2). Restriction sites of DdeI (underlined solid line; nucleotide numbers 34–38, 84–88 and 170–174) and one of the two sites of DraI (underlined double line; nucleotide numbers 244–249) indicated that the corresponding sites did not span the position of critical residues (residues potentially important for plg activation) (Aneja et al., 2009) when the other DraI site (underlined double line; nucleotide numbers 129–134) is also in accordance with the synonymous (silent) changes. Therefore, results of PCR/RFLP presented different sk allelic variants (sk2, sk3 and sk5) but these Fostamatinib differences do not correlate with critical residues/changes on Plg activation properties
in the SK sequence. These final conclusions may further suggest the inadequacy of currently available PCR/RFLP methods to determine the precise relation between genotype (allelic variations) and phenotype (functional activities) of different SK genes. These imply the important
role of critical point mutations for Selleck Rapamycin differences in Plg activation potencies (Banerjee et al., 2004). Therefore, and as recently reported, direct nucleotide sequencing and phylogenic tree analyses of sk-V1 region may provide more accurate assumptions on genotype-based functional differences of SK genes (McArthur et al., 2008). In summary, results of this study indicated the absence of any association between sk allelic variants with Plg activation potency and pointed to the inadequacy of current available PCR/RFLP methods for differentiation of the critical/silent nucleotide
alterations to precisely categorize sk alleles for their functional properties. M.K. received a fellowship from the Health Obatoclax Mesylate (GX15-070) Ministry to pursue this study in partial fulfilment of her PhD thesis. This study was financially supported by the Education Office of the Pasteur Institute of Iran. F.R. and M.M.A. contributed equally as corresponding authors to the study.
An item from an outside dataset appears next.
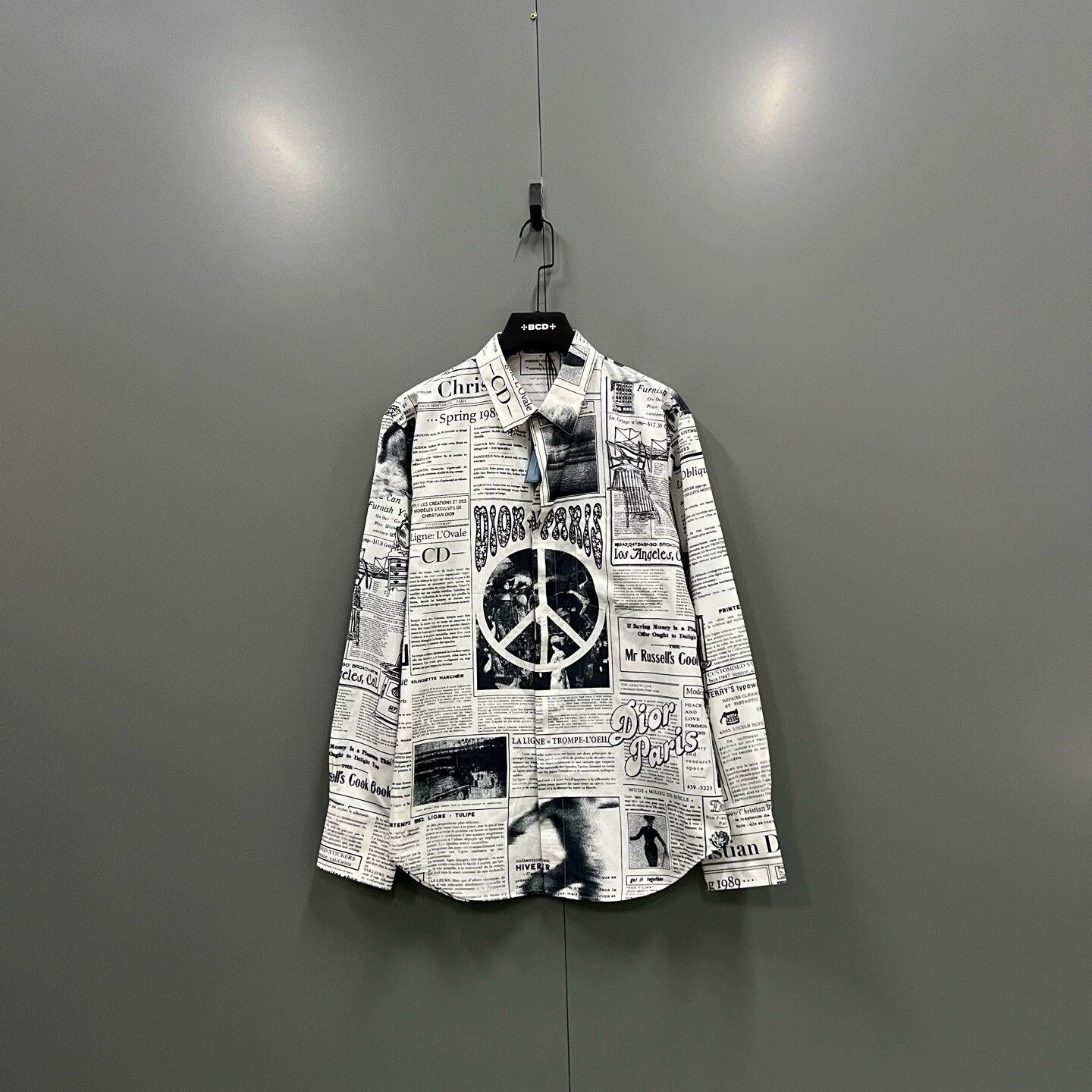 Dior Dior spaper Letter Print Shirt Size US XS / EU 42 / 0 - 1 Thumbnail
The authors declare no conflict of interest regarding the present article. “
“Polycyclic aromatic hydrocarbons (PAH) are widespread environmental pollutants of considerable risk to human health. The aerobic degradation of PAH via oxygenase reactions has been studied for several decades. In contrast, it was not until very recent that the first key enzyme involved in anaerobic PAH degradation, the dearomatizing 2-naphthoyl-CoA reductase, was isolated and characterized. In this work, a PCR-based functional assay was developed to detect microorganisms that have the ability to anaerobically degrade naphthalene, as a model for larger PAH. The degenerative oligonucleotide probes introduced here amplified a highly conserved region of the gene encoding 2-naphthoyl-CoA reductase (Ncr) in numerous sulfate-reducing pure cultures and environmental enrichments.